Published: 10 September 2024
Last updated: 11 September 2024
Shel
Since October 7, my parents-in-law have been displaced from their family home of 40 years. My husband will never see his childhood home again. My nieces and nephew in Israel have spent nights sleeping in shelters. Their formative years are marred forever.
Since October 7, I hesitate when someone asks me where I’m from. I search their face for clues and answer with bated breath. Sometimes I just lie.
Now, my children cannot wear sweaters with Hebrew letters in public. They demanded an explanation so now they know there are people in the world who hate Jews. They didn’t know that before.
Since October 7, I have lost friends who refused to engage in nuanced conversation. Friends who drank the kool-aid and found a place to direct their purposelessness, or their dormant biases.
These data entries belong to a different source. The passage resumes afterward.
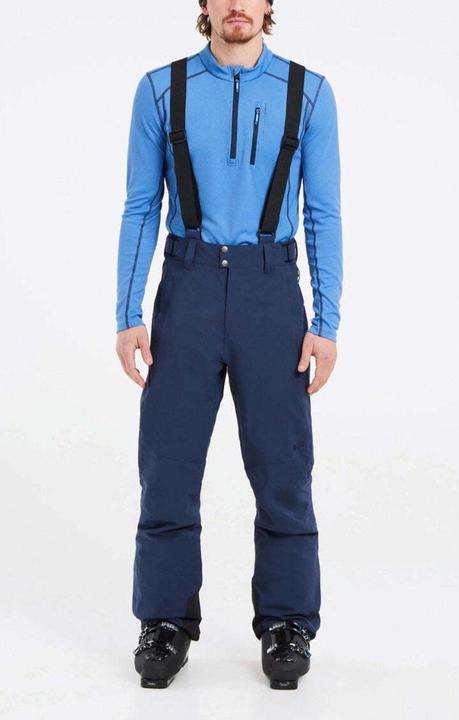 Immagine prodotto Protest OWENS snowpants (XS)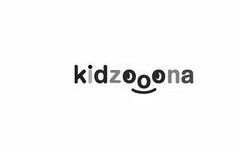 KIDZOOONA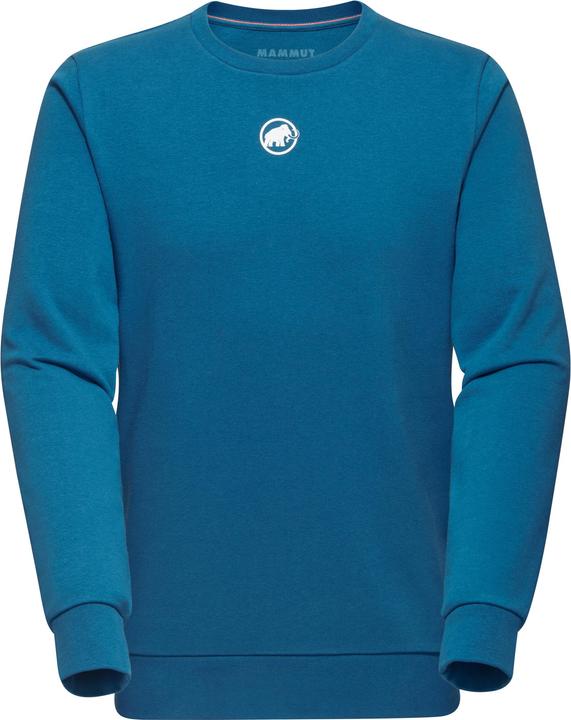 Immagine prodotto Mammut Core ML Girocollo Uomo Originale (L)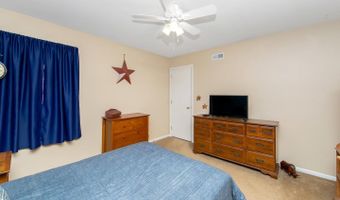 280 FRONT St, Atco, NJ 08004
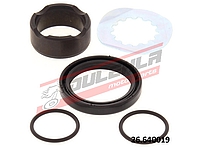   Sada na repasi řetězového kolečka YAMAHA YZF/WRF400/WRF426, 98-02/ YZF/WRF450, 03-13/YFZ45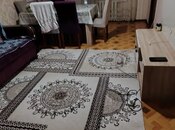 Satılır 3 otaqlı köhnə tikili 60 m², Memar Əcəmi m., photo 2 from 8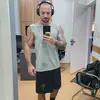 Fernando Ignacio - @dr.fernandoignacio - TikTok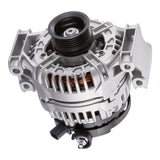 Alternator for Mini Cooper Countryman Paceman L41.6L 150A 12V CW 6-Groove 23561N - product image 12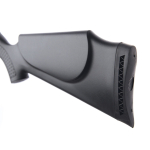 Norica Dragon.177 Spring Break Barrel Air Rifle - Image 2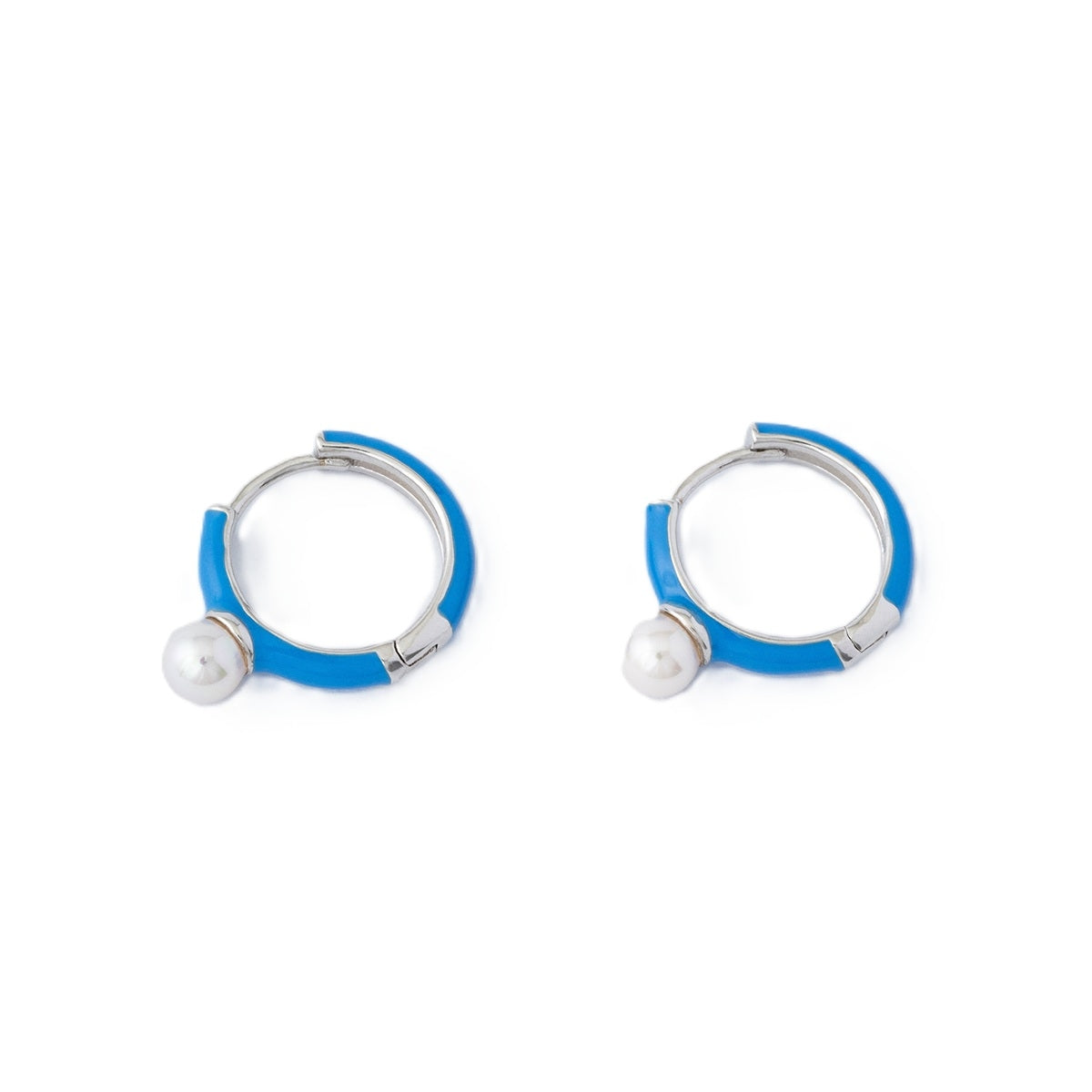 MAJORICA JEWELRY Mod. 17350.01.2.E00.000.1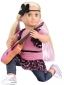 Кукла Our Generation Лейла с аксессуарами 46 см (BD31042Z) - фото 2 - интернет-магазин электроники и бытовой техники TTT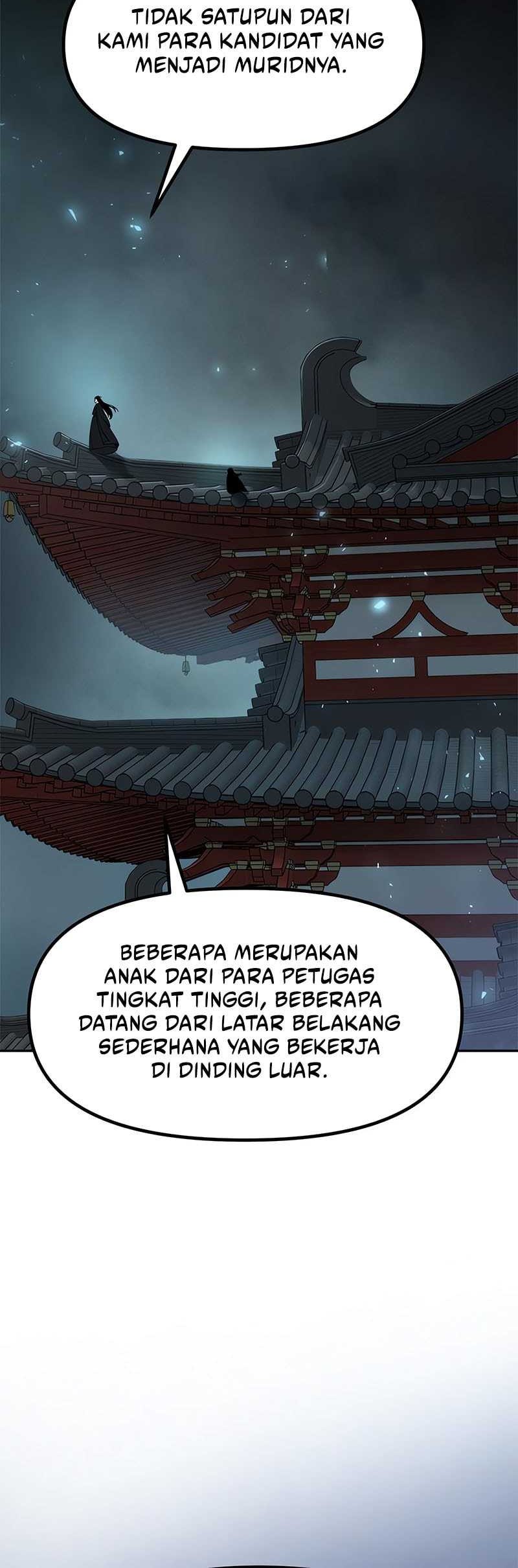 Chronicles of the Demon Faction Chapter 115 Gambar 41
I’ll never go to another high school reunion.
Since October 7, I have felt unsafe in spaces where I once belonged and advocated for- spheres of the arts, the environment, feminism and queerness… I identify as politically homeless.
Since October 7, I’ve felt a collective grief and fear and rage that has been comparable only to the death of my father.
My chest involuntarily tightens when I see an image of a harmless watermelon.
Despair is common. I fear for my children’s safety as Jews in this world, yet I also deeply need for them to know and honour their Jewish identity. It’s never been more important, because life will never be the same again.